SUMMARY OF THE INVENTION
[0011] It is therefore an object of the present invention to
provide a scheme for interactive video manipulation and display of
a moving object on a background image, which is capable of
expressing an object image interactively at positions sequentially
occupied by the object on the background image in such cases where
the object exhibits a series of actions within the background
image, by removing restrictions of the prior art.
[0012] It is another object of the present invention to provide a
scheme for interactive video manipulation and display capable of
realizing a variable speed video playback with a playback speed
different from a normal one in which, when a user specifies the
playback start and end points visually, a playback speed is set up
from a continuous range according to a time taken in specifying the
playback start and end points while the frequency variation of
sounds at a time of fast or slow playback is suppressed.

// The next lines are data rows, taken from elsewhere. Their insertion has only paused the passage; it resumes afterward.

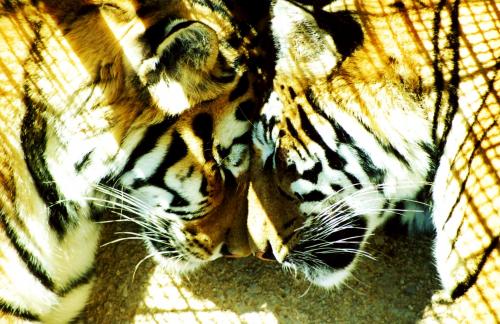Fotografia de zooperdido - Galeria Fotografica: natura y panos - Foto: tigres								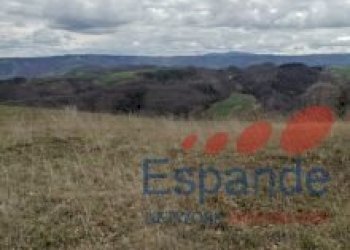 Terreno agricolo Loiano - foto 18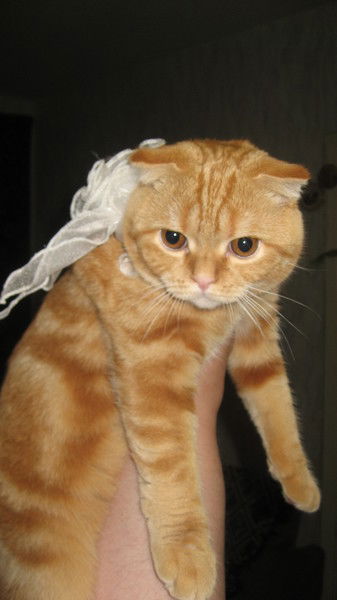 Марина Степанчук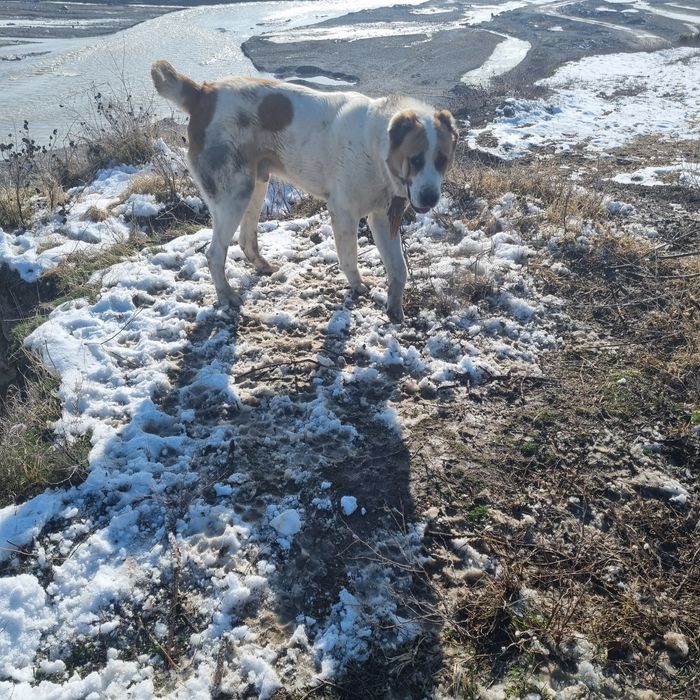 Alaboy tozasi sotiladi erkak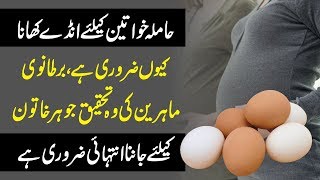 Why Is Eggs Important For Pregnant Women Urdu Hindi  Urdu Lab [upl. by Haceber909]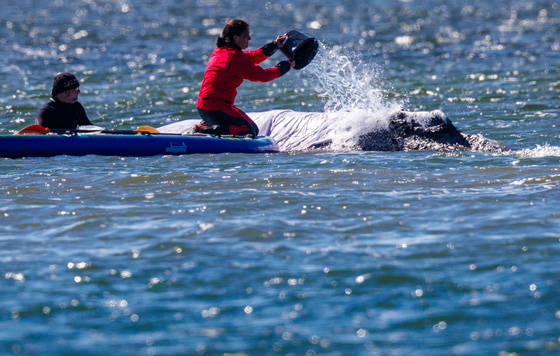 ����������� 24 ������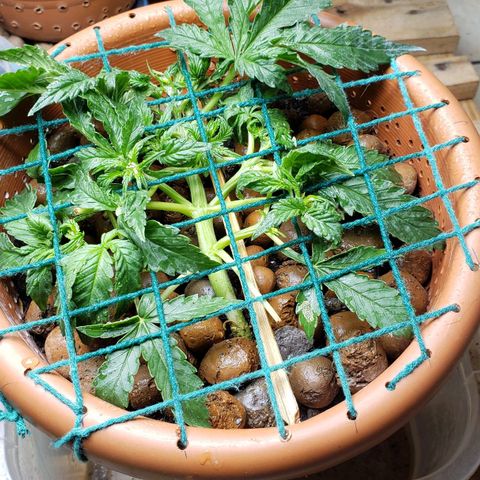 King Kush growlog timeline photo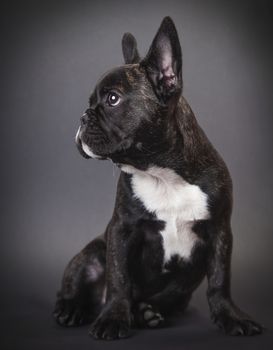 dog pppy french bulldog on a dark background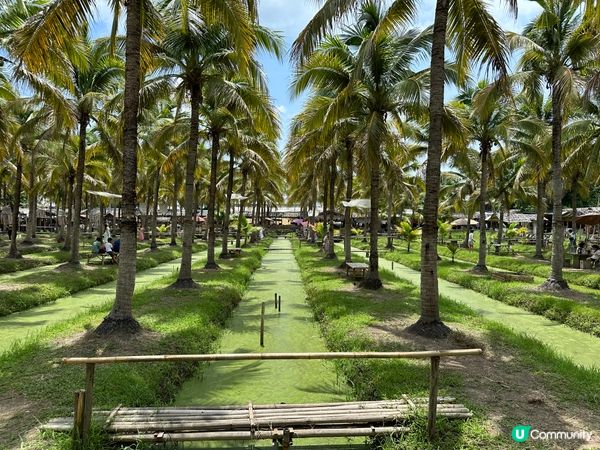 清邁週末限定椰林市集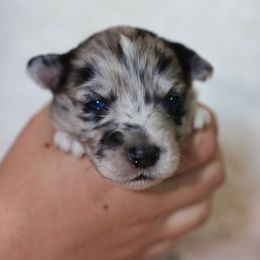 Miniature Australian Shepherd Puppies from Garay Mini Aussies
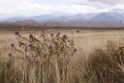 04_Great Sand Dunes National Park_1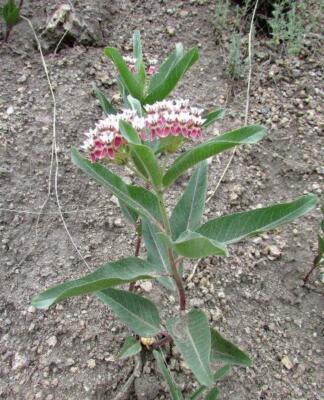 Asclepias hallii | Hall's Milkweed | Purple Silkweed | 10 Seeds | eBay
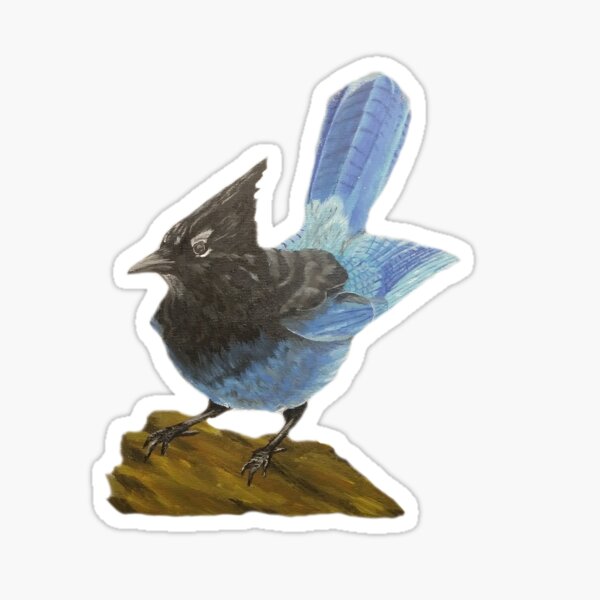 "Blue jay" Sticker for Sale by Reedthearts Redbubble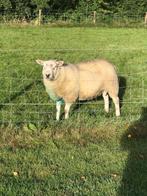 Swifter Ram, Dieren en Toebehoren, Schapen, Geiten en Varkens, Mannelijk, Schaap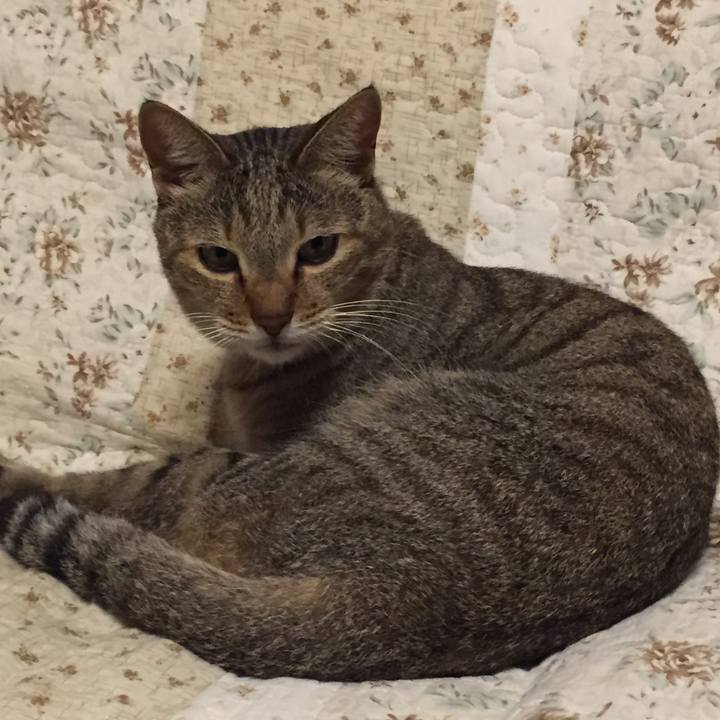 3bc25d93 7528 4fd1 9f05 b00f140d1a51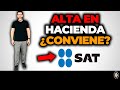 💰 3 Opciones de ALTA EN HACIENDA Para Vender Online [SIN PROBLEMAS] 💰 #TemoValle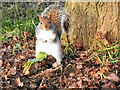 Squirrel at Walton Park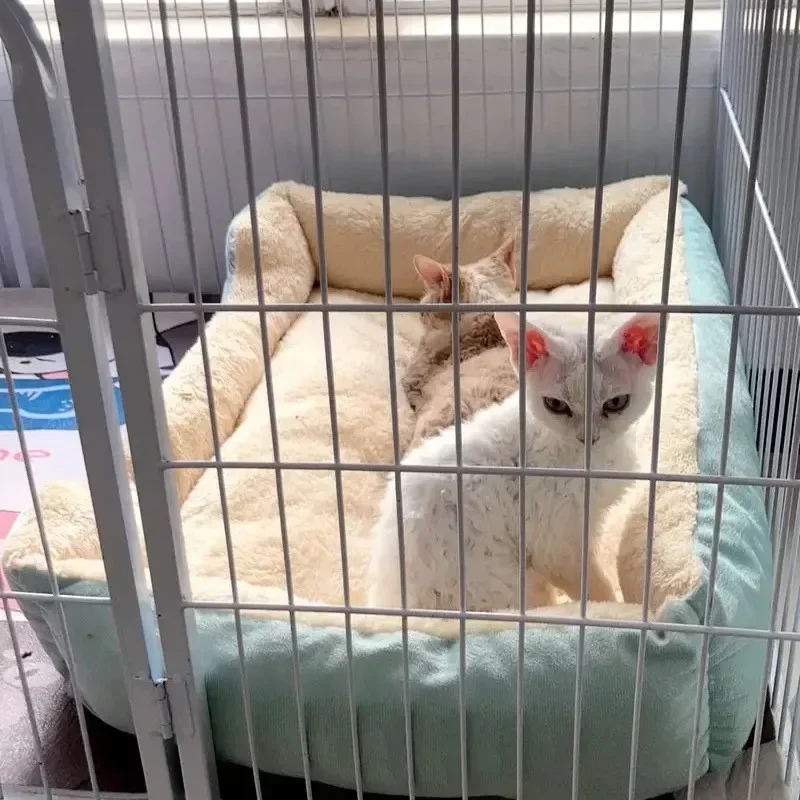 Теплый вердитель для катания черный гнездо матрец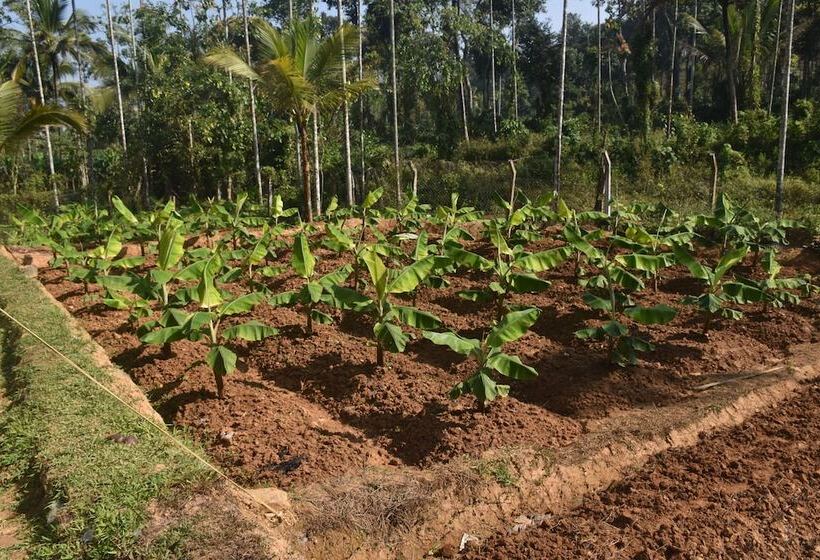 酒店 Jeevess Wellness Resort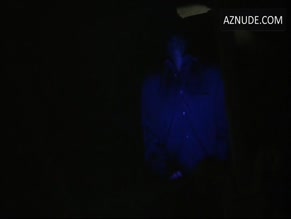 PATRICIA CLARKSON in THE DYING GAUL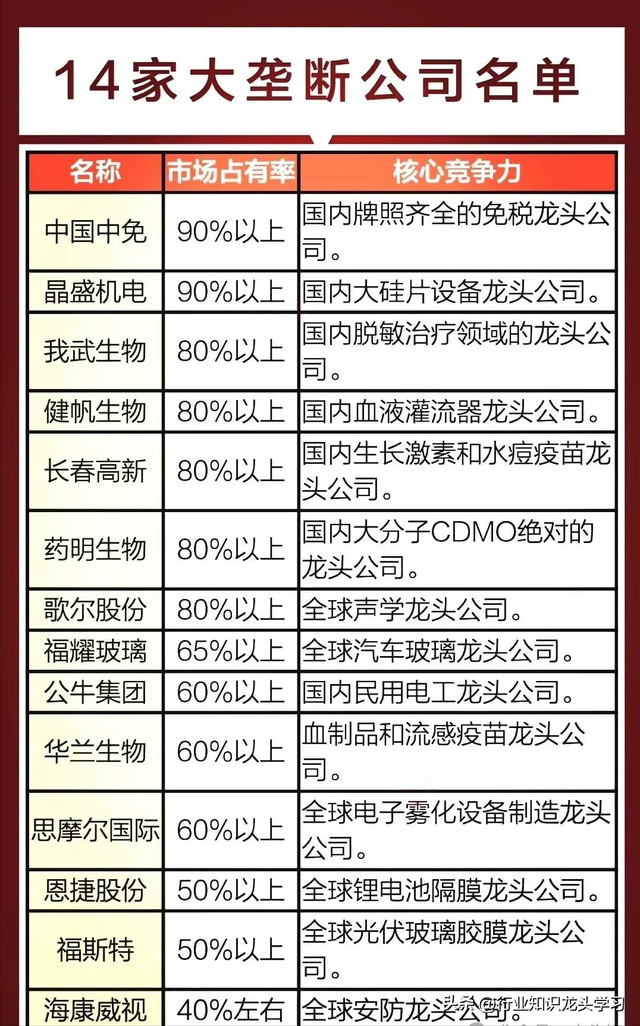 超有价值：龙头企业+半导体+全球第一+存储芯片+服务器+AI+新能源,超有价值：龙头企业+半导体+全球第一+存储芯片+服务器+AI+新能源,第9张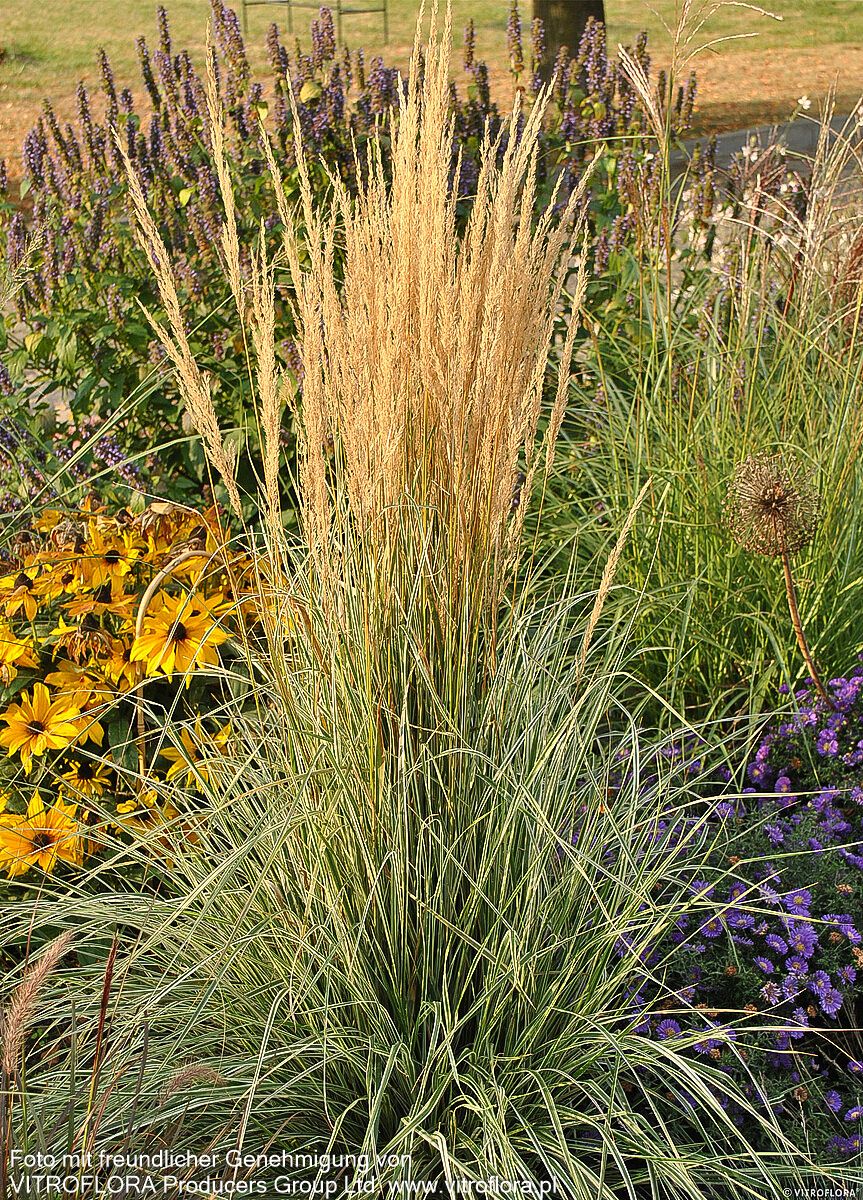 Weißgestreiftes Reitgras 'Overdam' (Calamagrostis x acutiflora)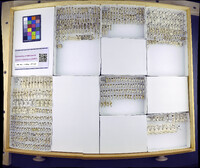 Media resource of Clastoptera proteus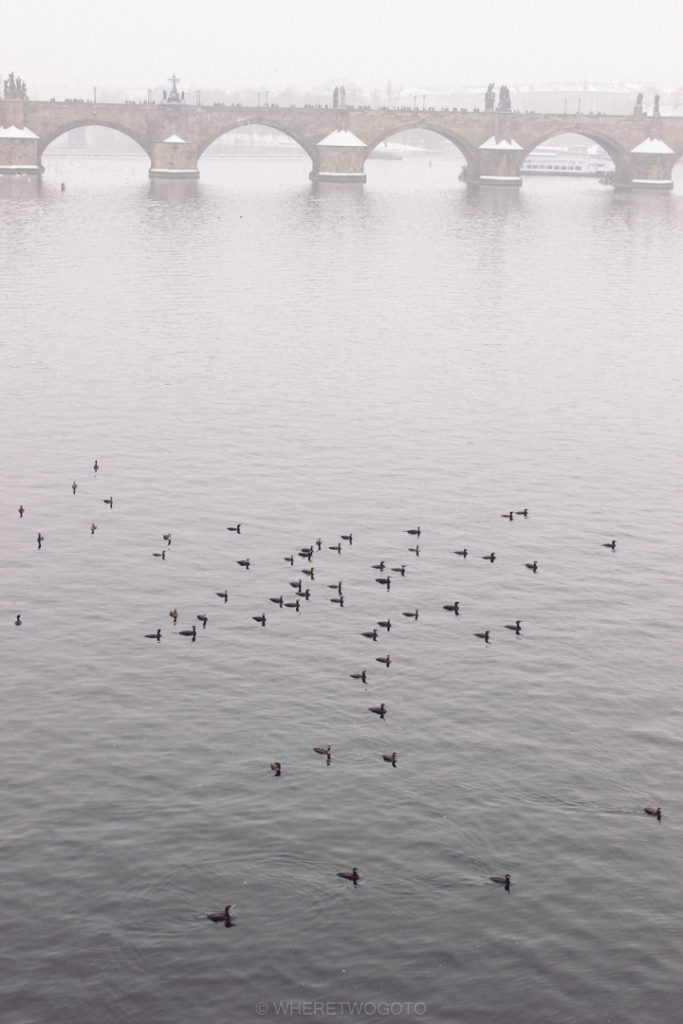 The Vltava, wrapped in fog.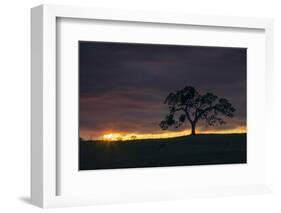 Setting Sun Peek, Twisted Oak Tree,  Mount Diablo, Walnut Creek-Vincent James-Framed Photographic Print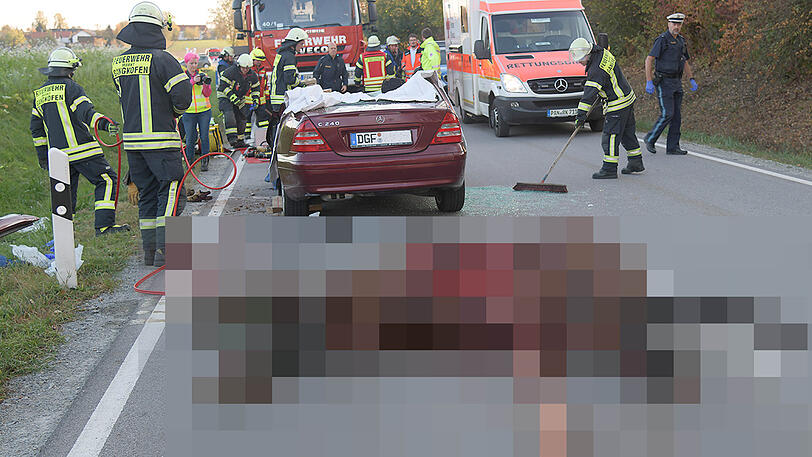 Ein Mercedes mit Totalschaden, ein schwerverletzter Autofahrer und zwei tote Pferde auf der Landstraße. Die schrecklichen Bilder aus Gangkofen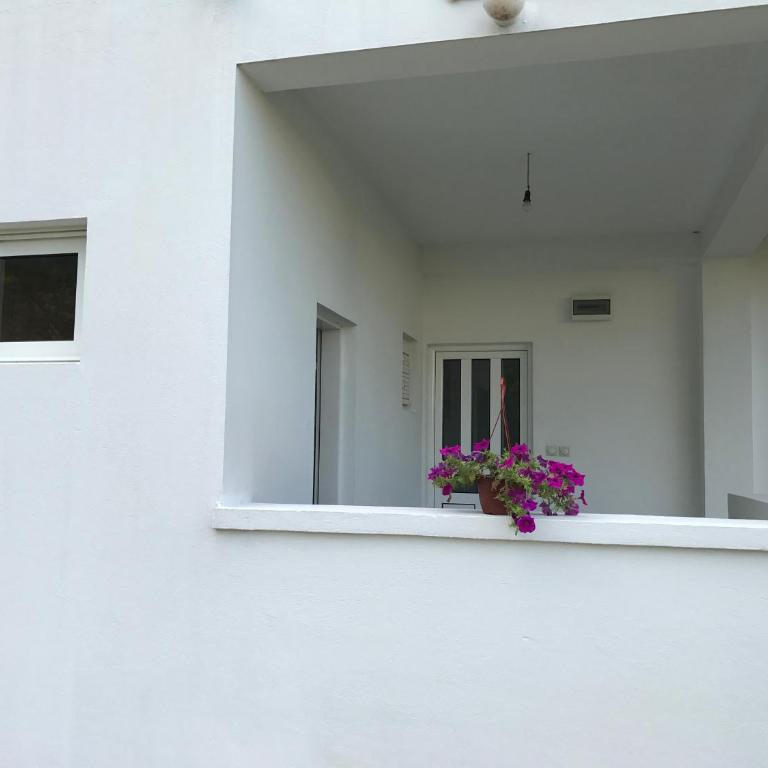 Apartmani Dragana - Apartment with Balcony - 8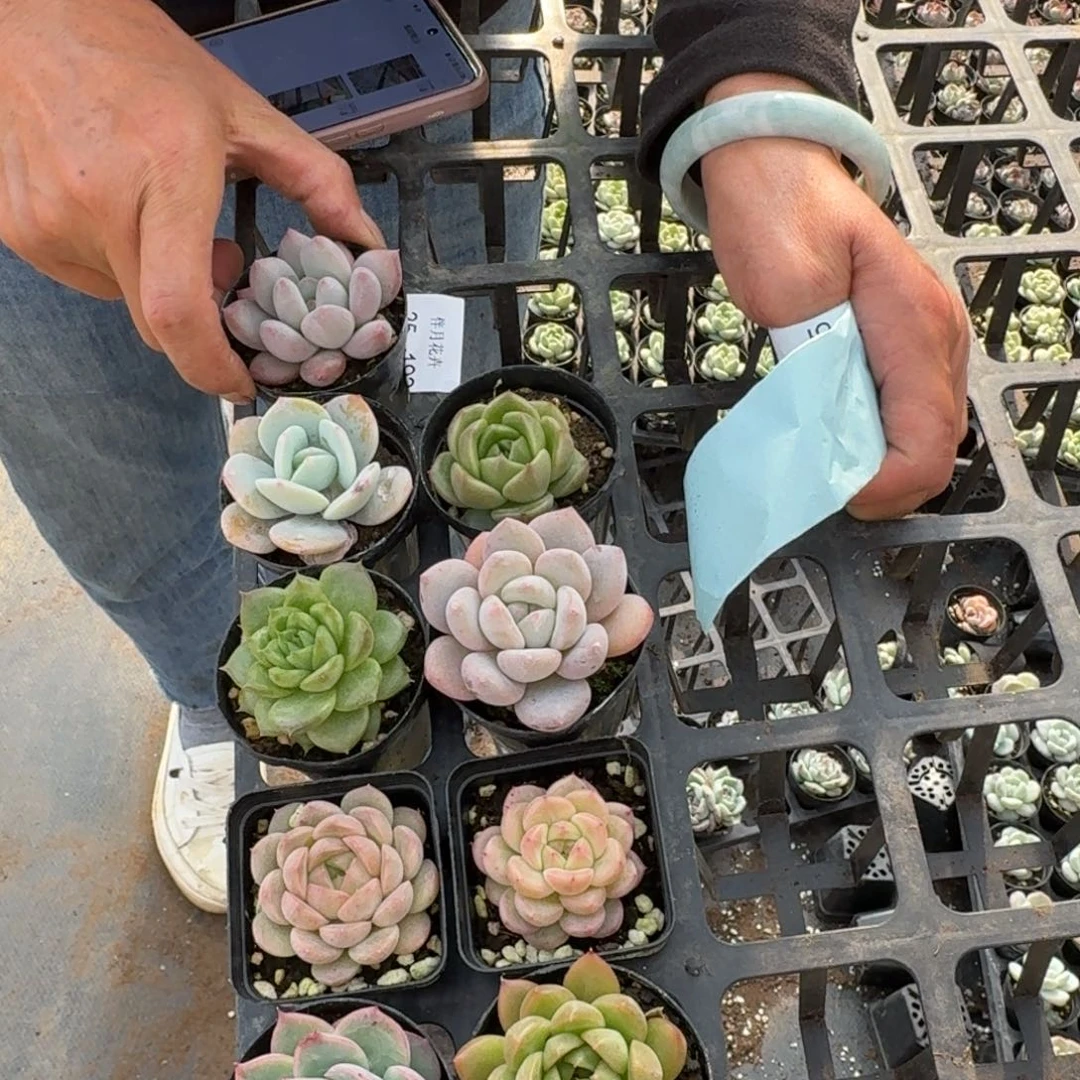 多肉组合9颗量拍25-193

[0013] According to one aspect of the present invention there is
provided an apparatus for interactive video manipulation and
display, comprising: a background image storage unit for storing a
background image; a display unit for displaying the background
image stored in the background image storage unit; a partial image
storage unit for storing partial images which are set in
correspondence to spatial positions on the background image and
representing an object moving on the background image; a setting
unit for setting a manipulation target spatial position on a screen
of the display unit; a specifying unit for uniquely specifying a
partial image to be synthesized and displayed according to the
manipulation target spatial position set by the setting unit; and a
synthesis display unit for reading out the partial image as
specified by the specifying unit from the partial image storage
unit, and synthesizing and displaying the partial image at the
manipulation target spatial position on the background image
displayed by the display unit.
[0014] According to another aspect of the present invention there
is provided a method for interactive video manipulation and
display, comprising the steps of: reading out a background image
stored in a background image storage unit and displaying the
background image on a screen; setting a manipulation target spatial
position on the screen; uniquely specifying a partial image to be
synthesized and displayed from partial images which are set in
correspondence to spatial positions on the background image and
representing an object moving on the background image, according to
the manipulation target spatial position set by the setting step;
and reading out the partial image as specified by the specifying
step from a partial image storage unit, and synthesizing and
displaying the partial image at the manipulation target spatial
position on the background image.
[0015] According to another aspect of the present invention there
is provided an article of manufacture, comprising: a computer
usable medium having computer readable program code means embodied
therein for causing a computer to function as an apparatus for
interactive video manipulation and display, the computer readable
program code means includes: first computer readable program code
means for causing said computer to read out a background image
stored in a background image storage unit and display the
background image on a screen; second computer readable program code
means for causing said computer to set a manipulation target
spatial position on the screen; third computer readable program
code means for causing said computer to uniquely specify a partial
image to be synthesized and displayed from partial images which are
setin correspondence to spatial positions on the background image
and representing an object moving on the background image,
according to the manipulation target spatial position set by the
second computer readable program code means; and fourth computer
readable program code means for causing said computer to read out
the partial image as specified by the third computer readable
program code means from a partial image storage unit, and
synthesizing and displaying the partial image at the manipulation
target spatial position on the background image.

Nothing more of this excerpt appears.